Hast Du jemals mit einer werdenden Mutter das Ultraschallbild des Babys in ihrem Bauch gesehen? Wenn ja, dann frage ich mich, wie Du Dich zu der Behauptung aufschwingen kannst, menschliches Leben würde erst postpartal beginnen.


Moin Karl, 

natürlich habe „mit einer werdenden Mutter das Ultraschallbild des Babys in ihrem Bauch gesehen“, wobei es sich um ein Baby erst nach der Geburt handelt. Da ich Vater und Opa bin, habe nicht nur Embryos und Feten, sondern auch Babys gesehen bzw. geherzt. Was macht denn für Dich menschliches Leben aus? Zelluläres Leben der Zygote und Blastozyste unterscheiden Mediziner von embryonalem und fetalem Leben. Und menschliches Leben beginnt frühestens mit dem ersten Atemzug außerhalb der Mutter.   


Schon die ersten Bewegungen des Kindes im Mutterleib haben - neben der später einsetzenden Erziehungsphase - eine essentielle Bedeutung für die Entwicklung des Kindes.
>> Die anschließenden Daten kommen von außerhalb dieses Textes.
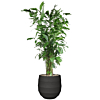 caryota mitis in pot zwarte pot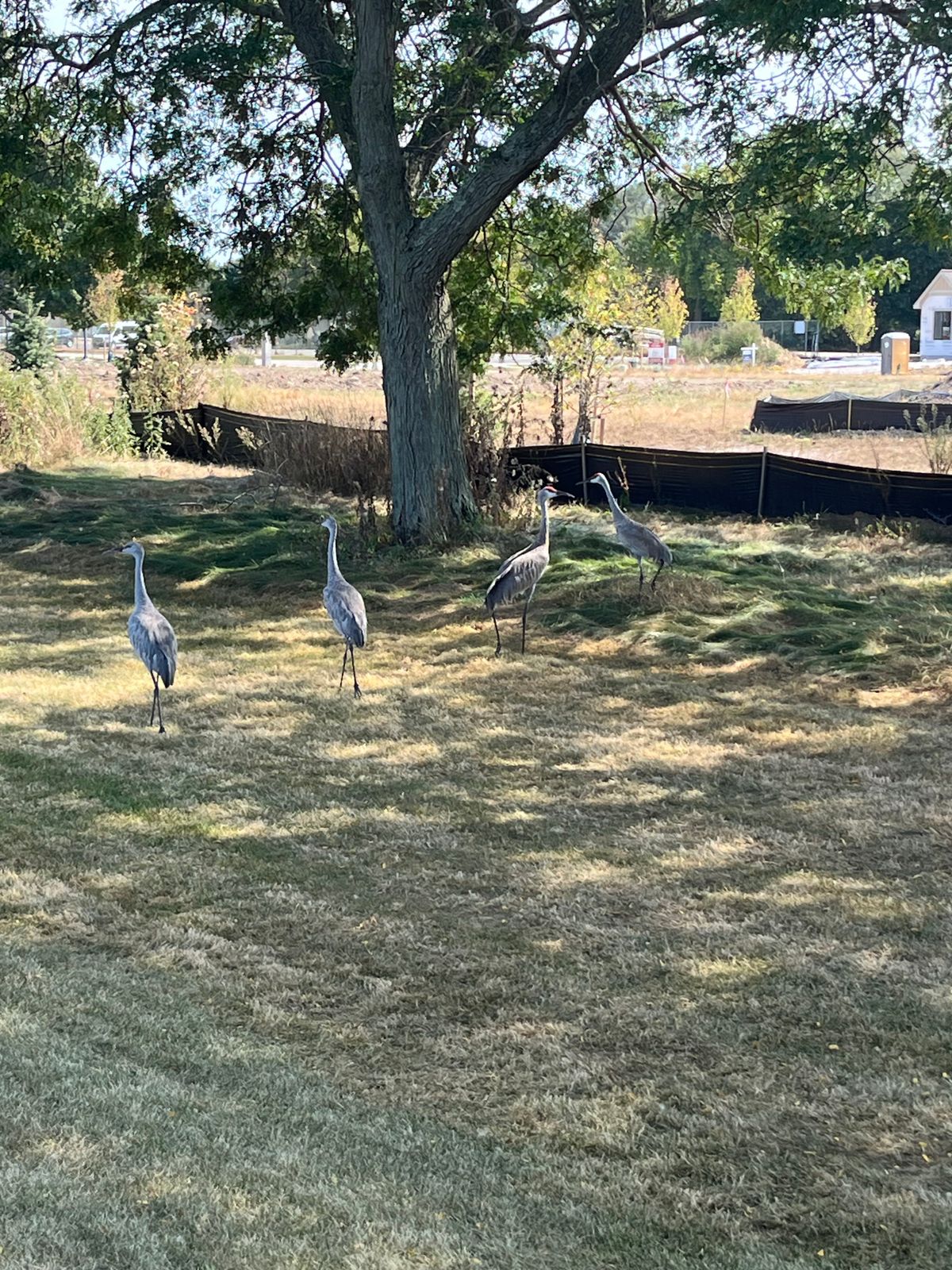 Cranes on the course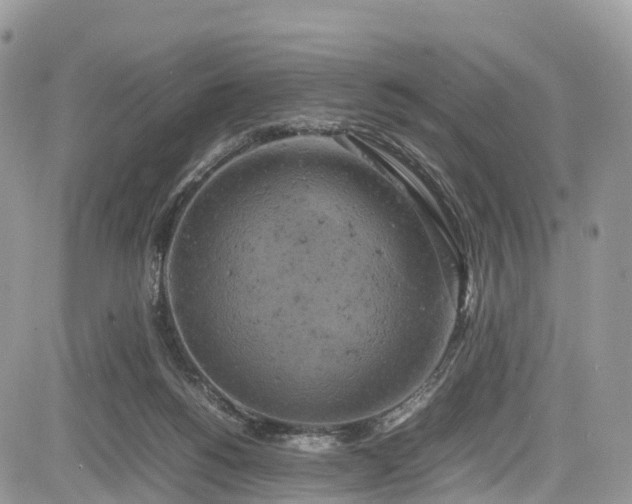 X0000085270168200703161439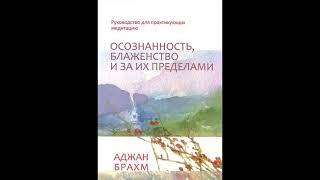 Аджан Брахм — Осознанность, блаженство и за их пределами ч.1 (Аудиокнига) Буддизм тхеравада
Diese massgeblich prägende Phase kann unmöglich durch artifiziell nachgebildete Mechanismen substituiert werden. Ein Kind, dass sich beizeiten seiner „Erzeugung“ als „Laborratte“ bewusst wird, dürfte bei entsprechender Verinnerlichung dieses Umstandes in eine emotionale Schieflage gegenüber seiner „Elternschaft“ geraten. Nun, wie gesagt: „Brave New World“.
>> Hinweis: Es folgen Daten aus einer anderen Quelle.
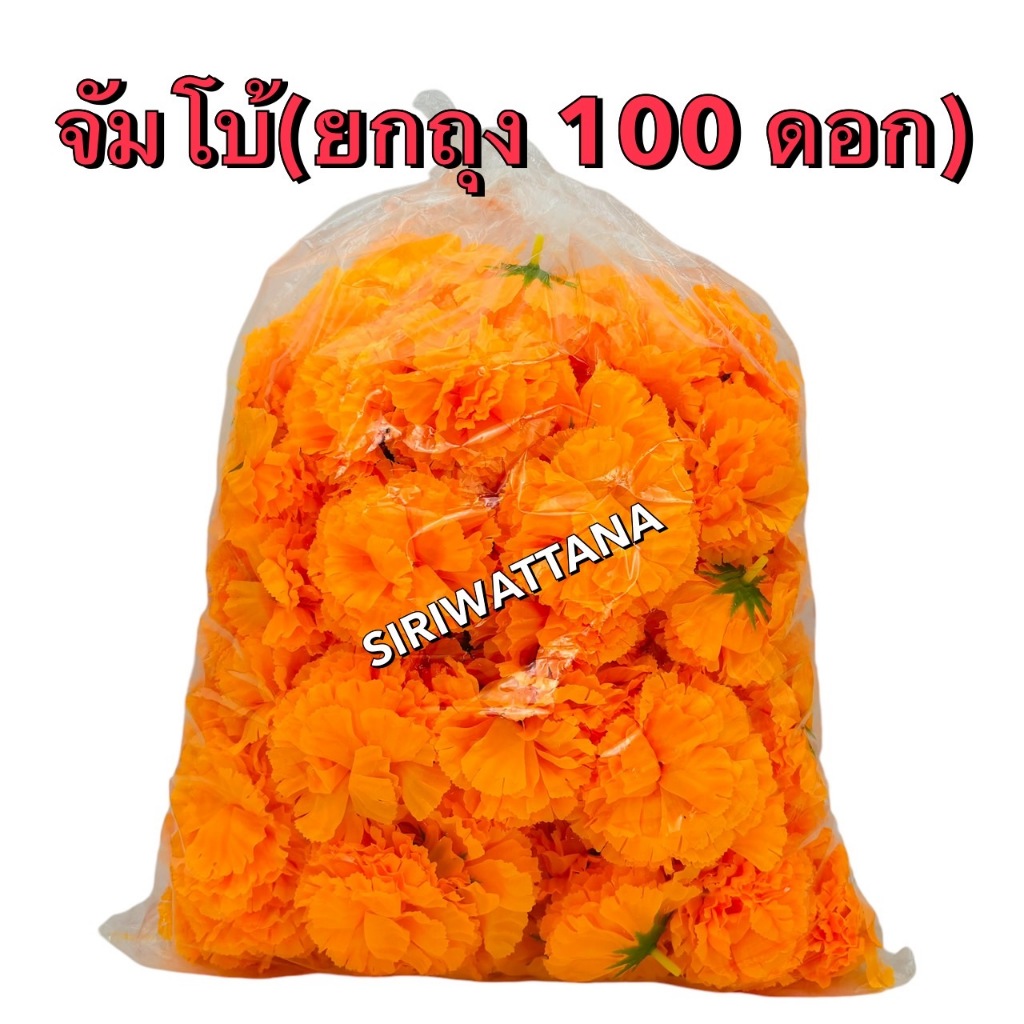 ดอกดาวเรืองจัมโบ้ ยกถุง 100 ดอก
Warum immer wieder Pauschalierungen? Sollten wir die nicht den Populisten überlassen? Ob irgendwelche Dogmatiker oder Vollpfosten ein Kind als Bastard oder Laborratte bezeichnen, ist sozial zu bekämpfen, was die Frauenbewegung bisher auch einigermaßen hinbekommen hat. Zu der angeblich so prägenden Phase des Feten im Uterus solltest Du die Quellen benennen. Warum sollte eine Leihmutter dafür nicht ebenso herhalten können?   

 
Doch warum sollte ich zu diesem Thema schreiben, da es längst etablierter Erkenntnisstand in der Entwicklungspsychologie ist. Natürlich schreibe ich als Mann und Vater über ein Thema, dass eher aus der Sicht einer Mutter beschrieben werden sollte. Schließlich ist deren innerste Erfahrung einer Mutterschaft auch nur von dieser Seite her authentisch zu beschreiben. 
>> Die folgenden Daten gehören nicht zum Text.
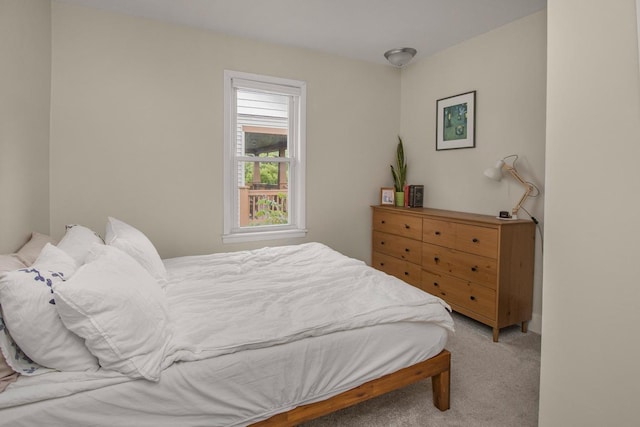 915 Cottage Ave E, Saint Paul, MN 55106 - view of carpeted bedroom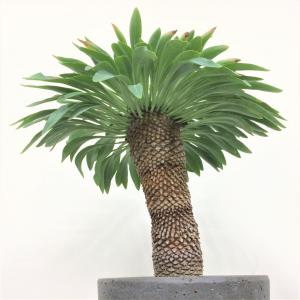 ユーフォルビア　鉄鋼丸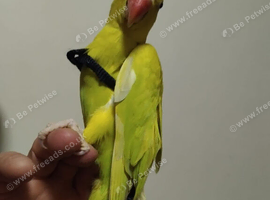 Tame Baby mutation Ringneck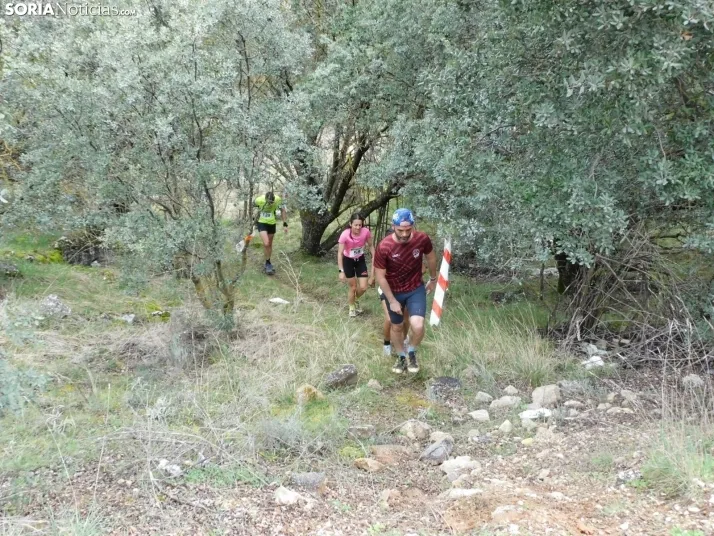VII Subida al Palillo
Wenn es um Recht und Gerechtigkeit geht, kommt es gerade nicht auf Gefühle, Erlebnisse oder „innerste Erfahrungen“ an. Weder der Muttermythos (der in allen Frauen eine Mütterlichkeit sieht) noch die Repro-Maskulinität (als Mann über die Mütter bestimmen zu wollen) sollten der Ausgestaltung des Selbstbestimmungsrechts der Frauen entgegenstehen.  

Das Nachkriegs-GG war ein Anfang und so gibt es noch viel zu verbessern.    

Fragt sich, in welchem Geist und Sinne das geschehen sollte, da würde ich eher die „Finger davon lassen“.

Die erste Chance zur Zeit der Wende 1989/90 wurde vertan. Der jetzige Anlass der 75-Jahrfeier ist ebenfalls nicht genutzt worden. Dabei wäre auch das ein Anlass zur Überarbeitung des GG gewesen, und zwar durch eine GG-Kommission, die komplementär zum parlamentarischen Rat 1948/49 mit 4 Männern und 64 Frauen (einschließlich einigen LGBTQIA+’lern) besetzt sein sollte.